A Note on the Moments of Special Mixture Distributions, with Applications for Control Charts

Balázs Dobi, András Zempléni
Budapest, Hungary

Abstract: Control charts can be applied in a wide range of areas, this paper focuses on generalisations suitable for healthcare applications. We concentrate on the effect of using mixture distributions as the possible shifts in the process mean value. We give a closed formula for the expected squared deviation from the target value between samplings. This observation can be utilised in finding the cost-optimal parameters of the control chart.

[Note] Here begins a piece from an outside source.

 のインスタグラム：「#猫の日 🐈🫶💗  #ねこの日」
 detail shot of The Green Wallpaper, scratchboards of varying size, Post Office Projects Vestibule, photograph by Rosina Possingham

Keywords: control chart, cost-optimality, Markov-chain, mixture distributions

1 Introduction

Control charts, as methods of statistical process control in industry have been introduced by Walter A. Shewhart in the 1920s (Montgomery, 2009). Even though initially control charts were optimised with respect to statistical criteria, the concept of cost-efficient or cost-optimal control charts appeared not long after. One of the earliest and most important work in this field is A. J. Duncan’s paper from 1956 (Duncan, 1956). The concept is still very popular today as can be seen by published articles and developed software packages (see e.g. Mortarino (2010); Zhu and Park (2013)).

Our earlier research focused on applications in healthcare settings, see e.g. Dobi and Zempléni (2019a). In this paper, the main model is a flexible framework which is based on the works of Zempléni et al. (2004). This framework uses a Markov chain-based approach, which is similar to Duncan’s cycle model as it also defines states related to the monitored process. The advantage of this approach was that it allowed generalisations for random shift sizes, random repairs and random sampling times, all of which are common in healthcare applications. Using these control charts, we were able to estimate the optimal parameters of a patient monitoring setup, which consisted of the optimal time between samplings (i.e. control visits) and critical value (i.e. medical criteria) (Dobi and Zempléni, 2019a).

In this paper we aim to assess the effect of mixture shift size distributions - distributions which model the degradation in quality - on the average cost over a given time period. We give a closed formula for one of the main terms in the cost-calculations for control charts.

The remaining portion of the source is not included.